==== Data ====
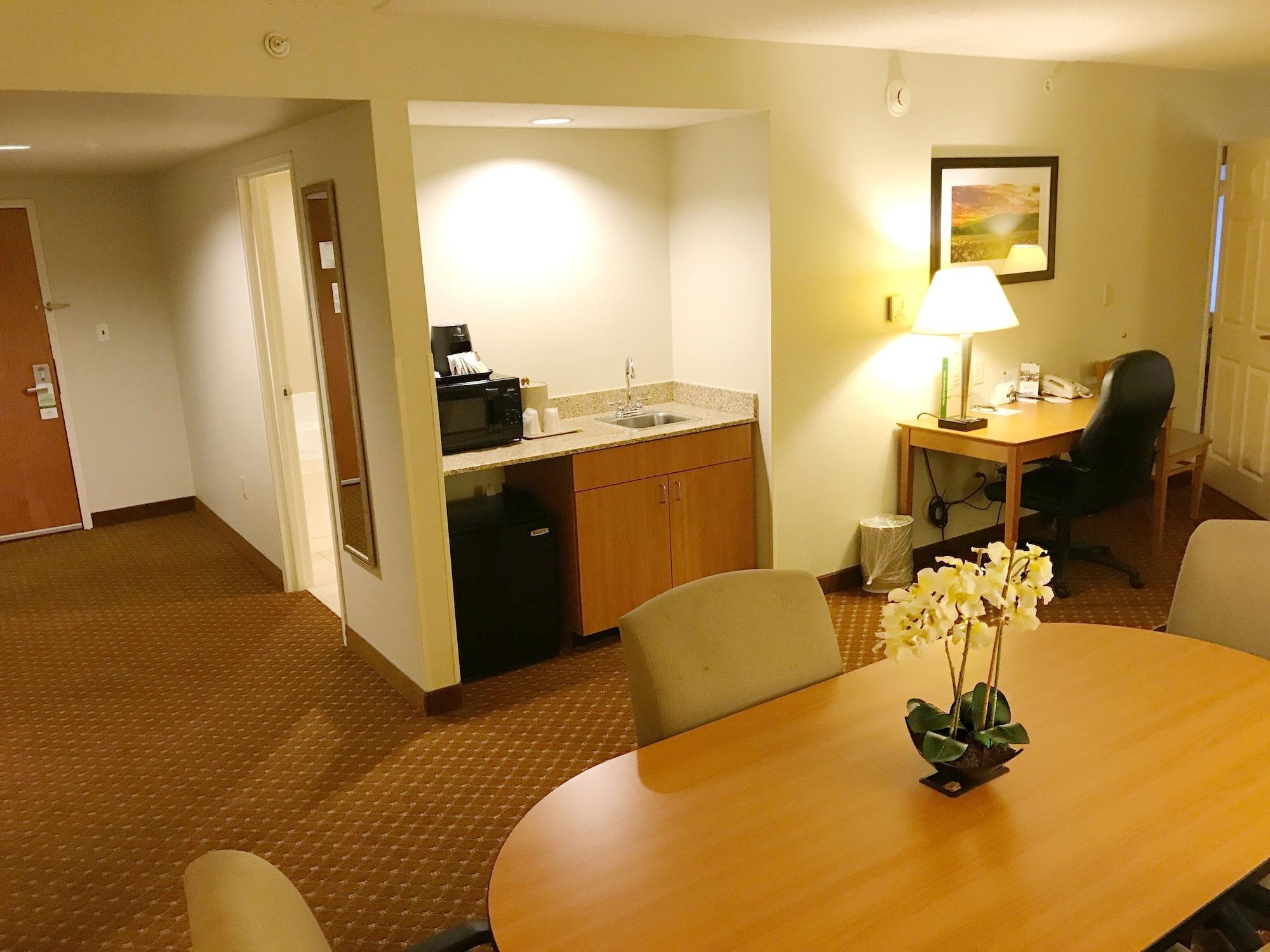 Wingate By Wyndham Louisville East Екстер'єр фото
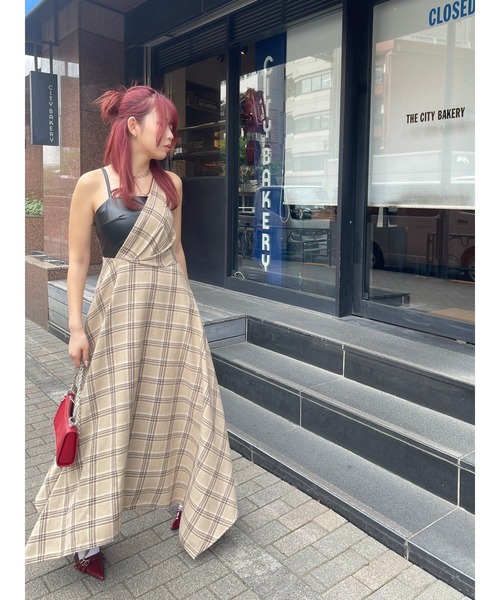 EVRIS(エヴリス)の「フェイクレザードッキングチェックロングワンピース(ワンピース・レディース・ベージュ/ブラック/ネイビー・SMALL/MEDIUM)」の20枚目の写真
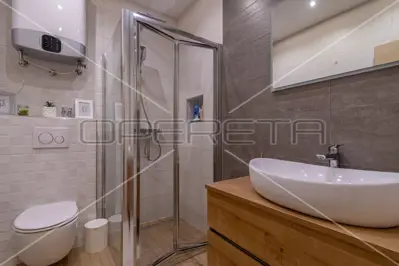 House 332 m², Nova Veruda, quiet dead-end street and three apartments - 7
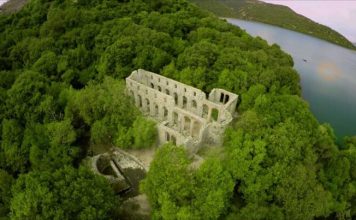 Restaurohet “Porta me Kulla”, një atraksion më shumë për t’u vizituar në Butrint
====
Task item:
Would you return the material exactly, images excluded?

Finished task:
 Wingate By Wyndham Louisville East Екстер'єр фото
 EVRIS(エヴリス)の「フェイクレザードッキングチェックロングワンピース(ワンピース・レディース・ベージュ/ブラック/ネイビー・SMALL/MEDIUM)」の20枚目の写真
 House 332 m², Nova Veruda, quiet dead-end street and three apartments - 7
 Restaurohet “Porta me Kulla”, një atraksion më shumë për t’u vizituar në Butrint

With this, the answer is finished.